In common parlance, the term "at bat" is sometimes used to mean "plate appearance" (for example, "he fouled off the ball to keep the at bat alive"). The intent is usually clear from the context, although the term "official at bat" is sometimes used to explicitly refer to an at bat as distinguished from a plate appearance. However, terms such as turn at bat or time at bat are synonymous with plate appearance.

=== "Time at bat" in the rulebook ===
Official Baseball Rule 5.06(c) provides that "[a] batter has legally completed his time at bat when he is put out or becomes a runner" (emphasis added). The "time at bat" defined in this rule is more commonly referred to as a plate appearance, and the playing rules (Rules 1 through 8) uses the phrase "time at bat" in this sense (e.g. Rule 5.04(a)(3), which states that "[t]he first batter in each inning after the first inning shall be the player whose name follows that of the last player who legally completed his time at bat in the preceding inning" (emphasis added)). In contrast, the scoring rules uses the phrase "time at bat" to refer to the statistic at bat, defined in Rule 9.02(a)(1), but sometimes uses the phrase "official time at bat" or refers back to Rule 9.02(a)(1) when mentioning the statistic. The phrase "plate appearance" is used in Rules 9.22 and 9.23 dealing with batting titles and hitting streaks, and in Rule 5.10(g) Comment in relation to the Three-Batter Minimum: "[t]o qualify as one of three consecutive batters, the batter must complete his plate appearance, which ends only when the batter is put out or becomes a runner." (emphasis added) The term is not elsewhere defined in the rulebook.

==In on-base percentage==
Plate appearances are a primary component in calculating on-base percentage (OBP), an alternative measurement of a player's offensive performance, but are not the only one in determining its denominator.

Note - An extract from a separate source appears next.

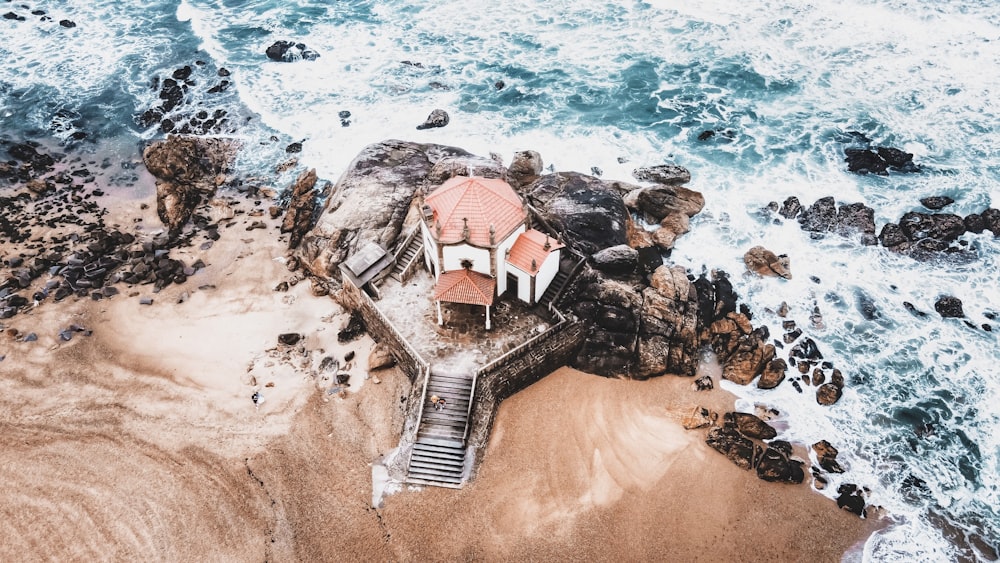 an aerial view of a house on the beach
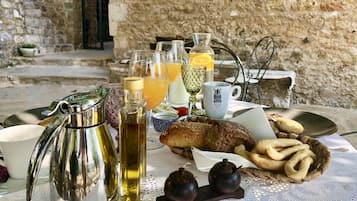 A breakfast setup with a coffee pot, bottles, glasses, and bread on a table outdoors with stone walls in the background.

By rule, certain plate appearances, such as times reached base via either catcher's interference or fielder's obstruction or sacrifice bunts, are excluded from it, leaving the denominator determined instead as the sum of at-bats, walks, hit-by-pitches, and sacrifice flies. And the numerator represented by a batter's times on base (composed of the sum of hits, base on balls, and times hit by pitch).

== Other uses ==
Plate appearances are used by scorers for "proving" a box score. Under Rule 9.03(c), the following two items should be equal for each team, because each is equal to the team's total number of plate appearances:

- The sum of the team's at bats, walks, hit by pitches, sacrifices (both bunts and flies), and times awarded first base on interference or obstruction.
- The sum of the team's runs, runners left on base, and men put out.